A senior Israeli diplomatic official walked back Netanyahu’s remarks on the prime minister’s behalf hours after he made them at a Likud faction meeting.
Then the prime minister said that he had been in talks with the White House on a “historic” initiative to annex Israeli settlement areas in the West Bank.
“I’m guided by two principles in this issue… optimal coordination with the Americans, whose relationship with us is a strategic asset for Israel and the settlement movement; and the fact that it must be a government initiative rather than a private one because it would be a historic move,” he added then.
However, the senior diplomatic official later clarified that Netanyahu has not actually presented the Trump administration with specific proposals to annex the West Bank.
The official explained that since nothing formal was presented, the US “did not express support for the proposals.”
The official added that “Israel updated the US on various proposals that are being brought up in the Knesset, and the US expressed its clear position that it hopes to present [US] President [Donald] Trump’s peace plan.”
“Prime Minister Netanyahu’s position is that if the Palestinians continue to refuse negotiating peace — Israel will present its own alternatives,” the official added.
A White House spokesman also denied Netanyahu’s comments, saying “reports that the United States discussed with Israel an annexation plan for the West Bank are false.”
“The United States and Israel have never discussed such a proposal, and the president’s focus remains squarely on his Israeli-Palestinian peace initiative,” the spokesman added, suggesting that Washington views such measures as damaging to its peace efforts.
Getting US backing for such a move would be a major shift in policy for the Americans, who have long considered the settlements an impediment to peace, while most of the international community regards them as illegal under international law.
Trump, in an interview published Sunday in the Israel Hayom daily, expressed concerns about Israeli settlement building, although his administration has yet to criticize the construction approval of any particular plan since he took office a year ago — a break from the previous Obama administration’s more critical attitude toward the issue.
The president added in the interview that he is “not necessarily sure” Israel is genuinely seeking to reach a peace agreement with the Palestinians while saying that the Palestinians were not looking for peace.
Trump has previously denounced the Palestinians for what he sees as their unwillingness to negotiate, but he has largely refrained from criticizing Israel.

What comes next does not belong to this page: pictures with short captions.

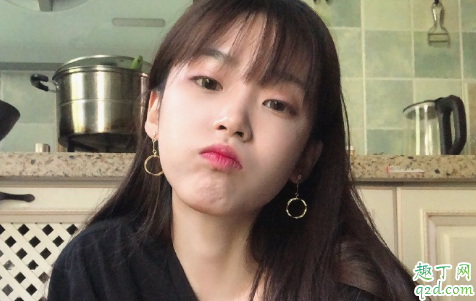 戀愛時(shí)遇到更合適的男生追求要答應(yīng)嗎 有男朋友了又有人追我要告訴他嗎3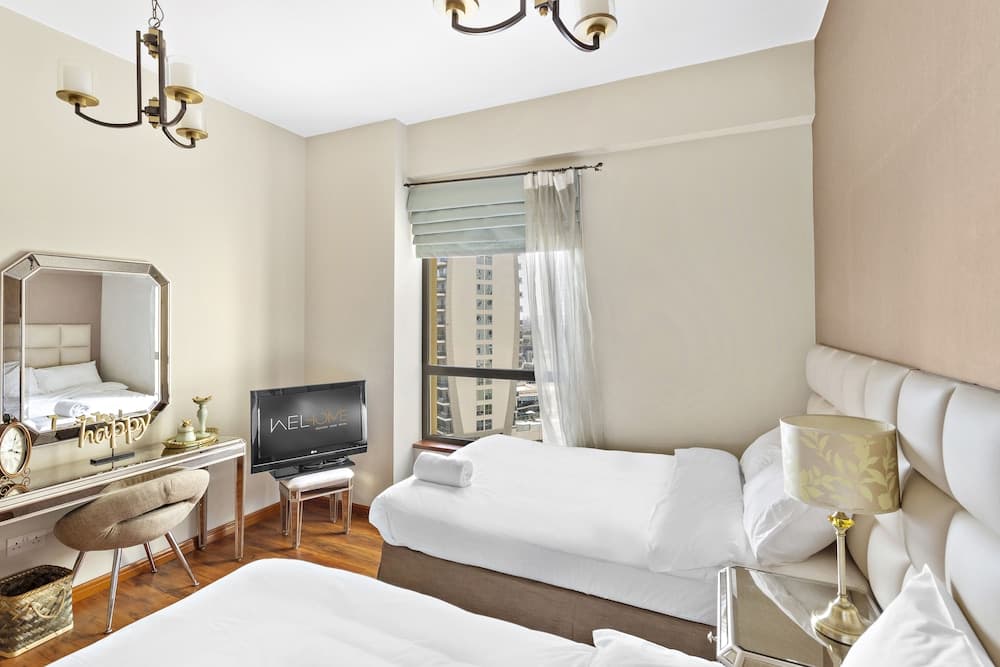 WelHome - Waterfront Family-Size Apt With JBR Beach Access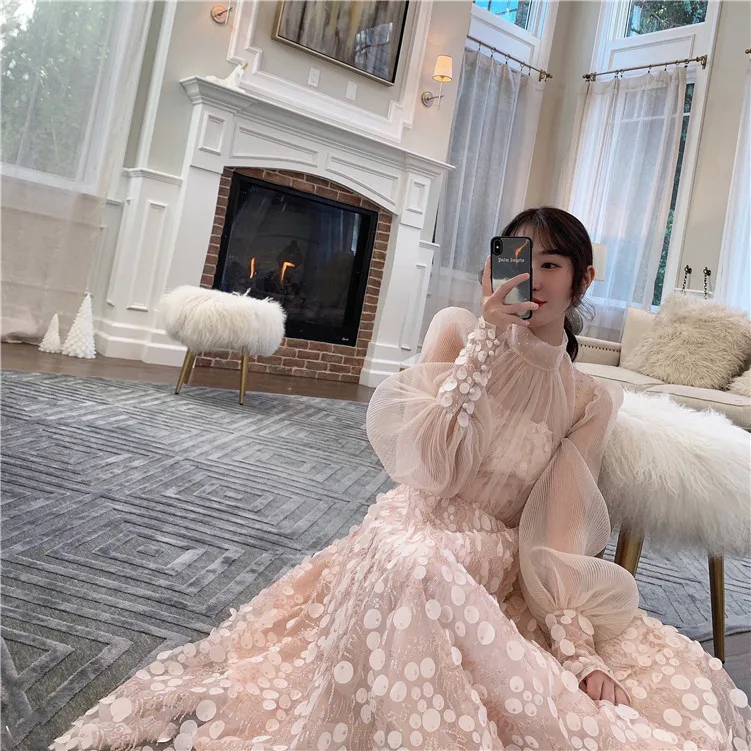 

2019 fashion enamel pink three-dimensional disc mesh embroidery long dress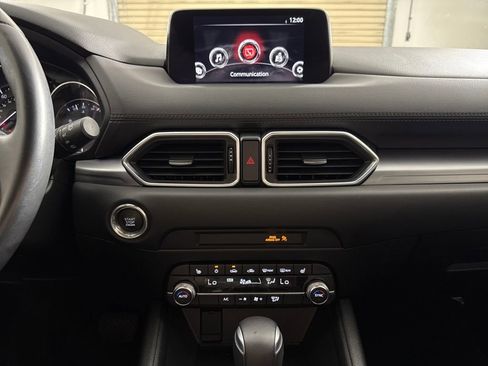Used 2019 MAZDA CX-5 Touring image 17
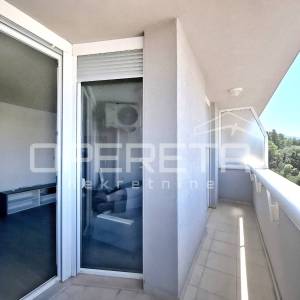Makarska / Zadnji kat / Lift / Pogled na more / Odmah useljiv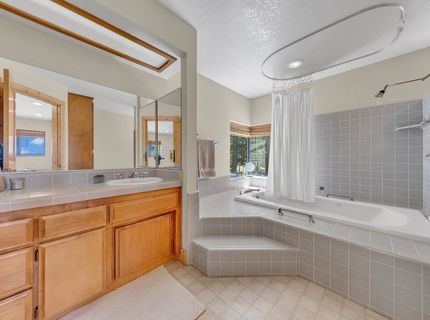 6869 Almanor Lake Estates Drive, Lake Almanor, CA 96137 Photo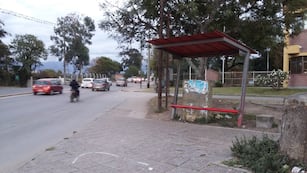 Jueves por la tarde, sin servicio de colectivos urbanos y de media distancia, en Jujuy. La UTA reclama el pago completo de los salarios a sus afiliados.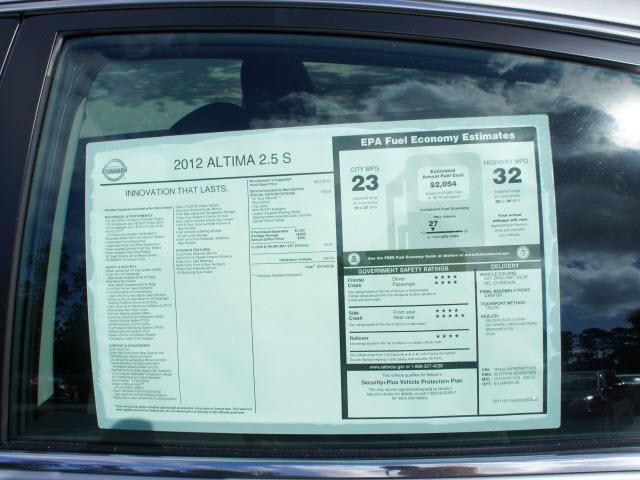 Nissan Altima 2012 photo 3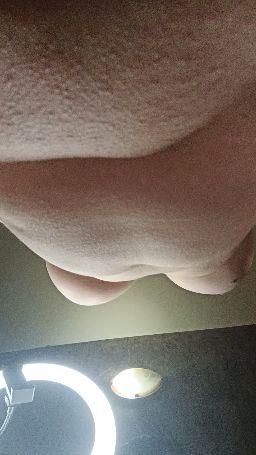 julielove : Big tits, nice hole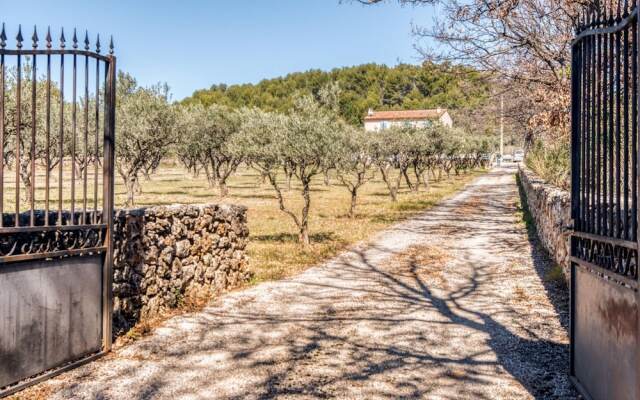 Secluded Holiday Home in Aups With Garden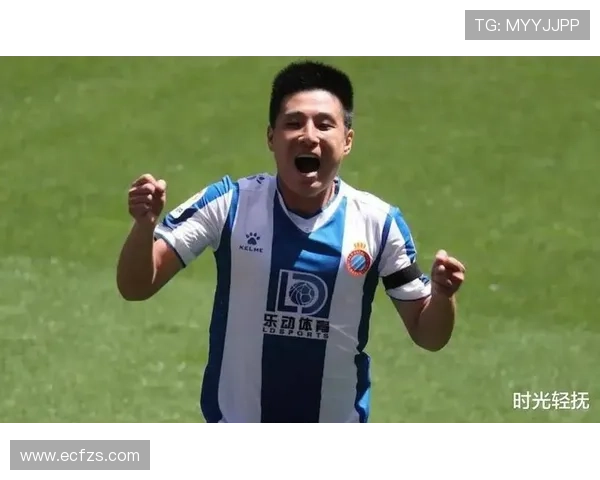 国足足球明星系列揭秘：他们的奋斗历程与辉煌成就背后的故事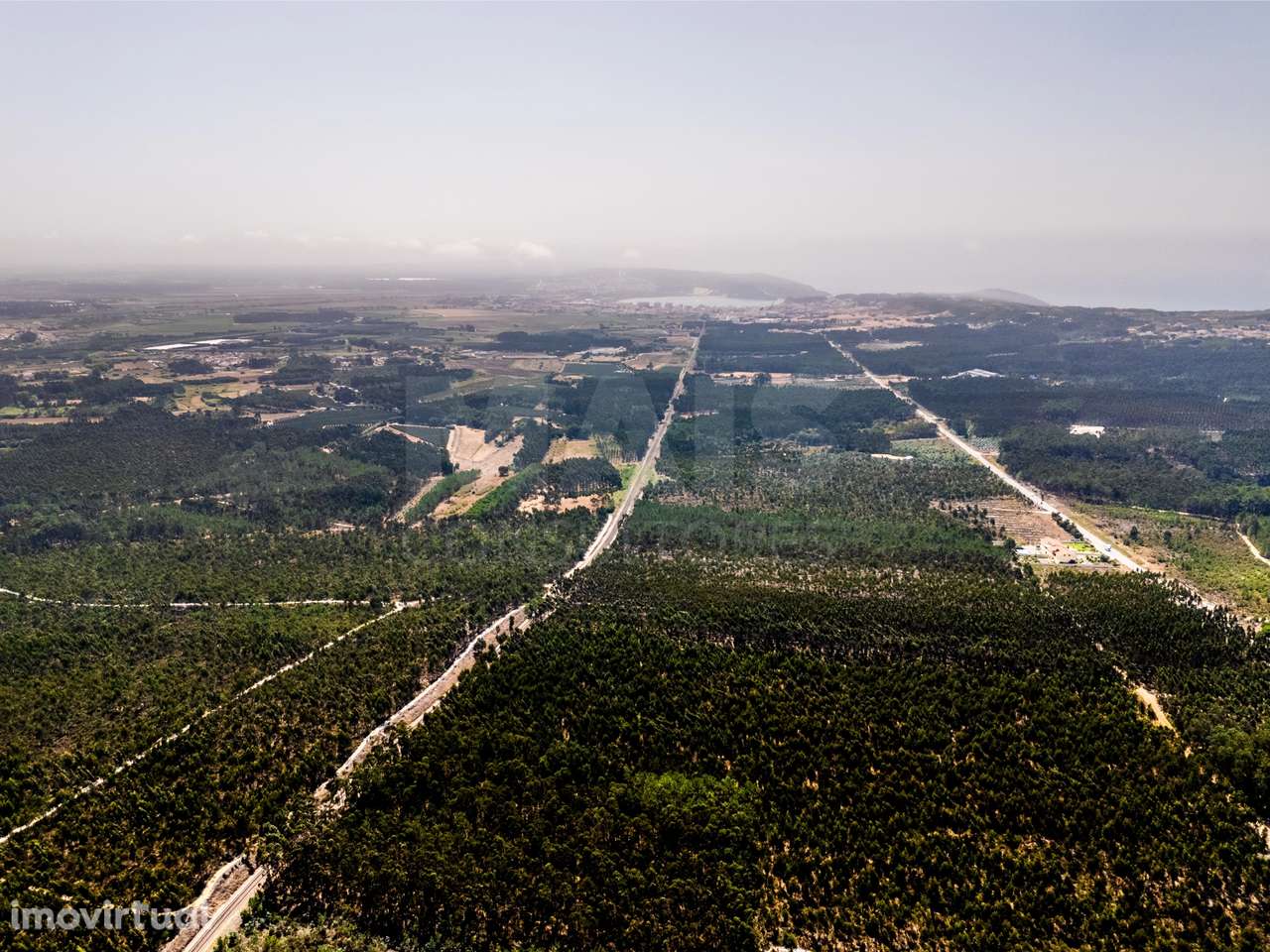 Terreno com 7950m2, perto das praias da Nazaré e São Martinho do Porto - Grande imagem: 3/15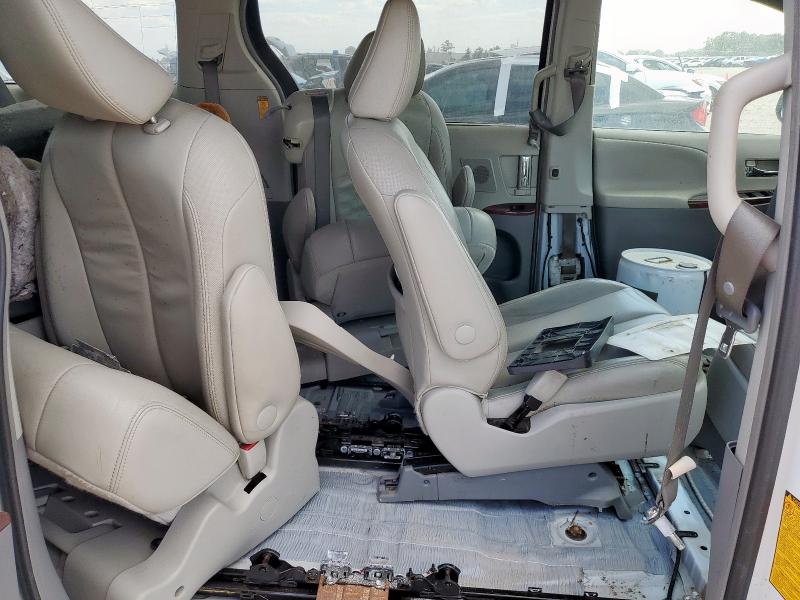 5TDYK3DC2ES453771 - 2014 TOYOTA SIENNA XLE Սպիտակ լուսանկար 11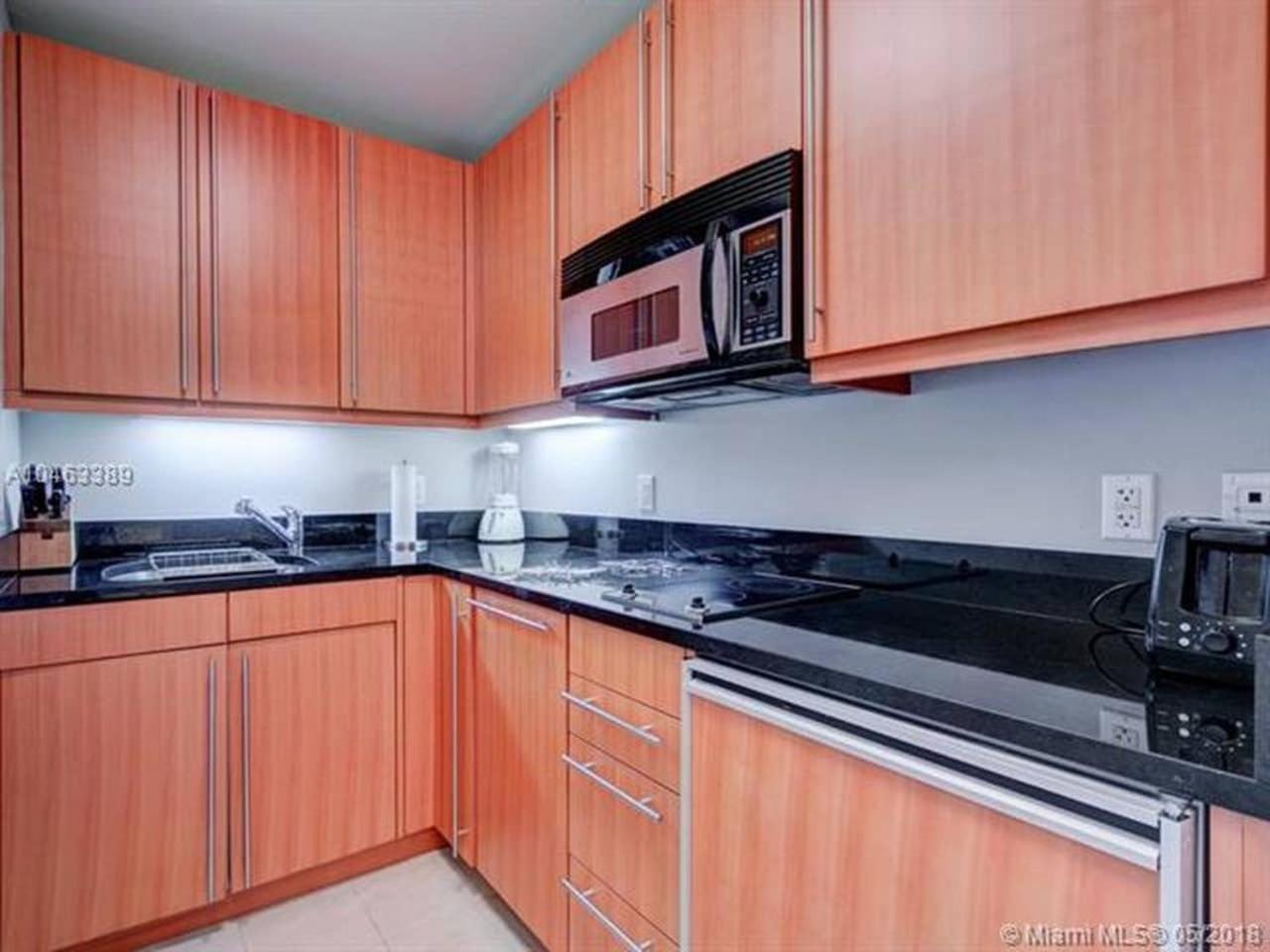 Private Condo Hotel At Four Seasons Brickell Miami Bagian luar foto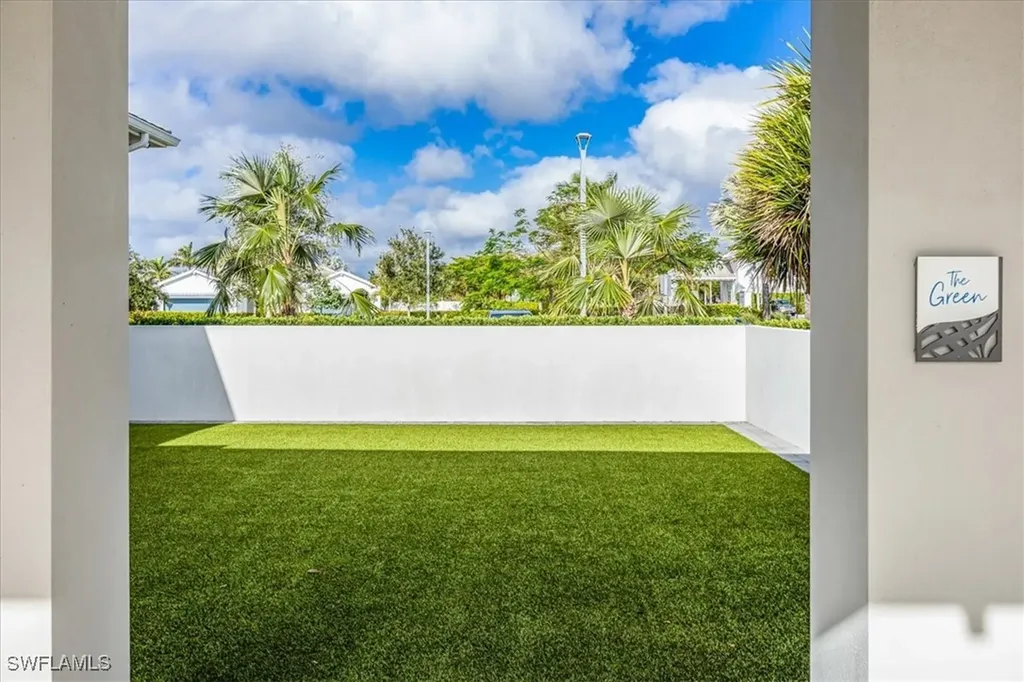 8941 Mustique Lane Naples FL 34114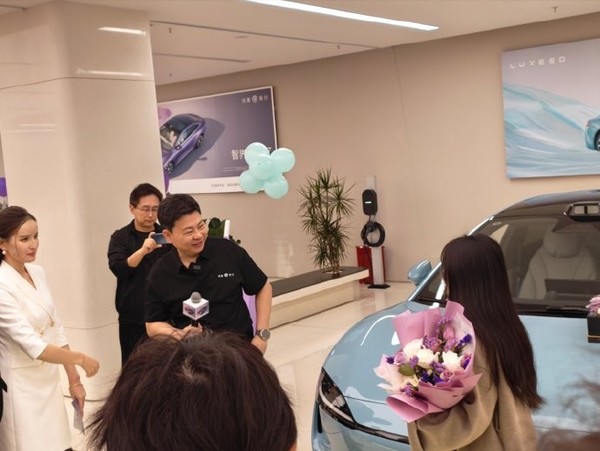 智界新S7开启大规模交付 余承东为首批车主交付新车_智界新S7开启大规模交付 余承东为首批车主交付新车_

Netanyahu’s remarks came as lawmakers were seeking to advance legislation that would apply Israeli sovereignty over all areas of Jewish settlement in the West Bank.
Israel captured the West Bank, Golan Heights and East Jerusalem in the 1967 Six Day War and has applied sovereignty over the Golan and Jerusalem, in moves not recognized by the international community, including the US.
But the so-called Sovereignty Bill hit a snag Sunday, when the heads of coalition parties pulled the proposal — drafted by Yoav Kisch (Likud) and Bezalel Smotrich (Jewish Home) — from the agenda of a meeting on the coming week’s legislative timetable.
A statement explaining the move cited the security situation on Israel’s northern border, as well as a need to coordinate the measure with the relevant diplomatic channels.
The legislation will likely be pushed off until next week’s Ministerial Committee for Legislation meeting.
Last Thursday, a spokesman for a senior member of the Ministerial Committee for Legislation told The Times of Israel that Netanyahu had ordered that the legislation be pulled from the panel’s agenda in order to provide time to coordinate the measure with the White House first.